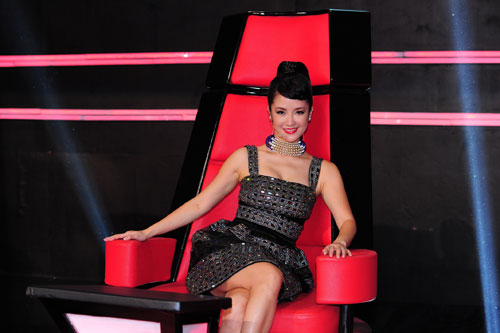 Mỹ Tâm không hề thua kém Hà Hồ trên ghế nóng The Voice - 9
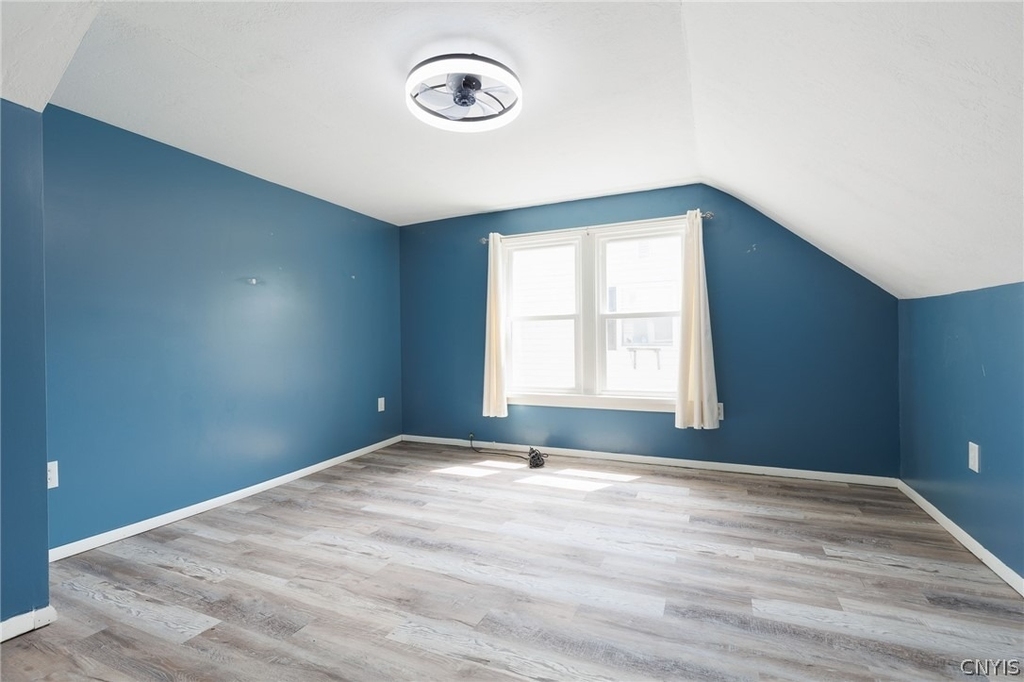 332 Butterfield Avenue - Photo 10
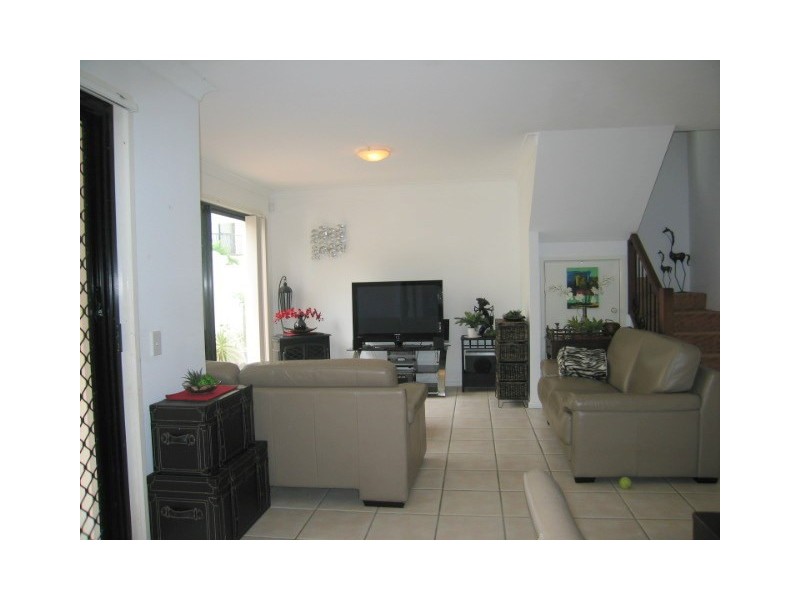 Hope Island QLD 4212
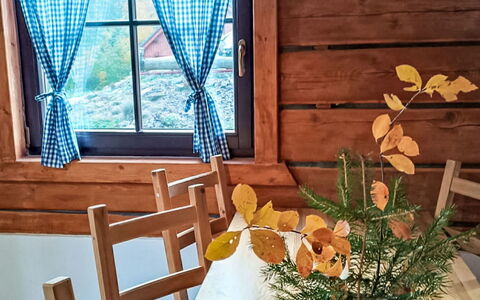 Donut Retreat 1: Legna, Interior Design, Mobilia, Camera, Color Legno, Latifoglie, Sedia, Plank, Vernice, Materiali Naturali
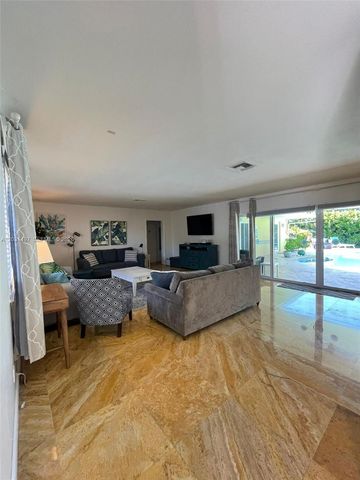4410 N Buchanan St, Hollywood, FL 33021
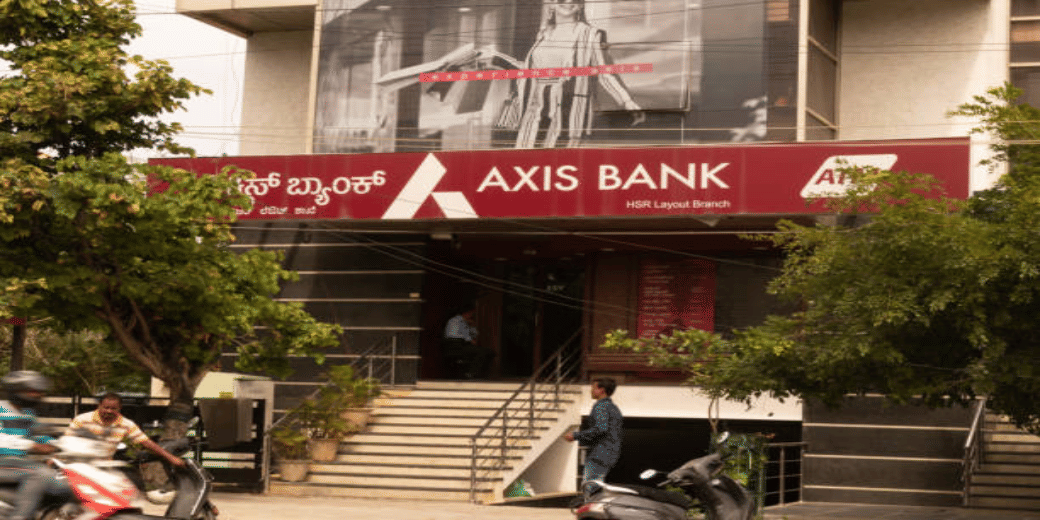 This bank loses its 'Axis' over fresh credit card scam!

#### [Your objective]
Only the lines from the one holding "Hope Island QLD 4212" through the last line of the records should be output, please, exactly and without any pictures.

#### [Written answer]
 Hope Island QLD 4212
 Donut Retreat 1: Legna, Interior Design, Mobilia, Camera, Color Legno, Latifoglie, Sedia, Plank, Vernice, Materiali Naturali
4410 N Buchanan St, Hollywood, FL 33021
 This bank loses its 'Axis' over fresh credit card scam!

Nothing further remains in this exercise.